I recently came across the famous Robert Frost poem, “The Road Not Taken”. As a go-getter entrepreneur, you have already chosen the road less traveled. But also, as a tradesperson, you’ve also already chosen the road less traveled. It’s hard work, which is why not everyone does it.
Today, what are some steps we can take so we make our road not taken a road that produces prosperity for us and for our customers?
- Check for dead ends. Evaluate your business from every angle and make sure that there are no dead ends for your customers. As the poem says, “Yet knowing how way leads on to way/I doubted if I should ever come back.” Make sure that your customers know what is next. Their experience with you should never be just a one and done. If you have clearly defined next steps, your customers will never find themselves at a crossroads wondering who to do business with next.
- Ask money, “What do you think about this?” Warren Buffet’s #1 rule is don’t lose money. With everything that you purchase, ask your money its opinion on the purchase. Can money see several ways to justify the purchase, and does the purchase help you make more money?

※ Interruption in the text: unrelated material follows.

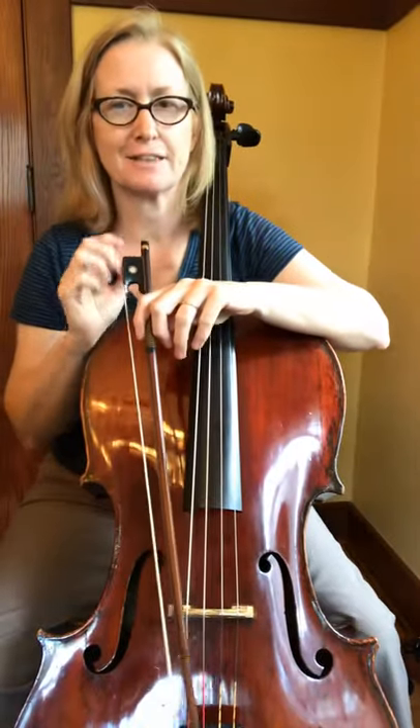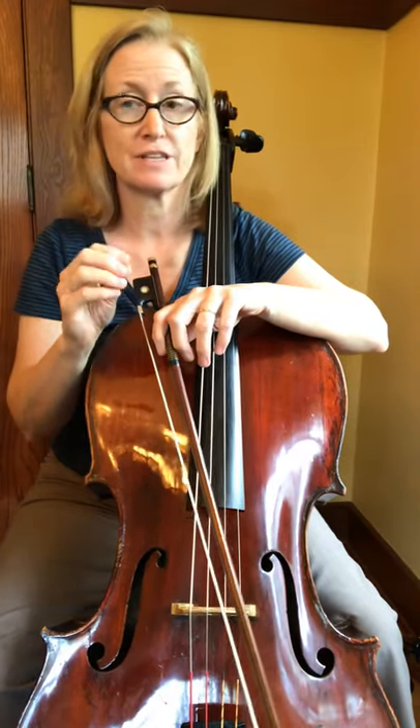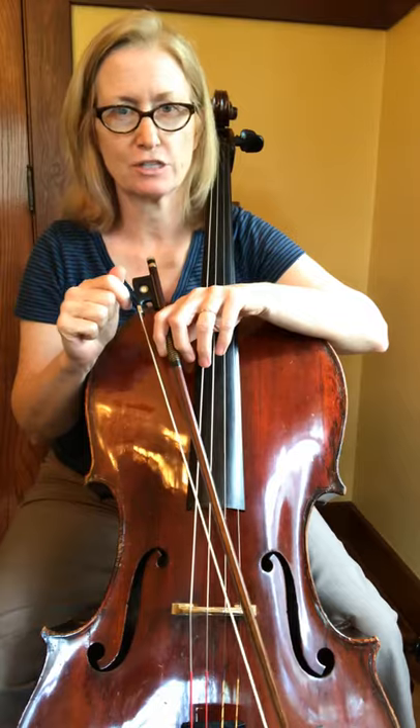This is a nice one, the mountain climber. So we combine a lot of different rhythms we've been learning in the last page or two. The most important thing is to feel comfortable with the hooked bowing, which is what they're focusing on on page 18.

- No important success is ever simple. There is so much work that goes into every success; make sure that you are simplifying all of your processes so you can maximize your output of success.

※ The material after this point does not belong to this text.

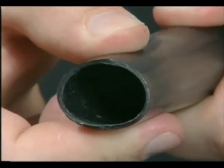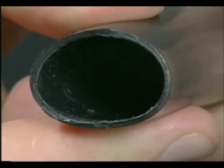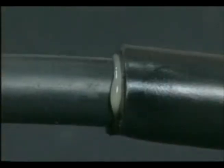Heavy wall tubing with adhesive lining provides a tough abrasion resistant insulation with a protective seal for harsh environment applications.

- Are we happy? Take a step back today and check in with your happiness and your team’s happiness. We got into business because we thought we could do it better. That doesn’t have to come at the expense of our happiness. How can you boost morale today? I just got a new espresso machine for our office; my coffee lovers are over the moon, and it will be a fun feature to have during our onsite trainings for our members. As one employee said, “I don’t make my coffee at home now to make myself even more excited to come to work.” While it doesn’t have to be something material, evaluate happiness to make everyone at work more productive.
The Road Not Taken
Robert Frost
Two roads diverged in a yellow wood,
And sorry I could not travel both
And be one traveler, long I stood
And looked down one as far as I could
To where it bent in the undergrowth;
Then took the other, as just as fair,
And having perhaps the better claim,
Because it was grassy and wanted wear;
Though as for that the passing there
Had worn them really about the same,
And both that morning equally lay
In leaves no step had trodden black.
Oh, I kept the first for another day!
Yet knowing how way leads on to way,
I doubted if I should ever come back.
I shall be telling this with a sigh
Somewhere ages and ages hence:
Two roads diverged in a wood, and I—
I took the one less traveled by,
And that has made all the difference.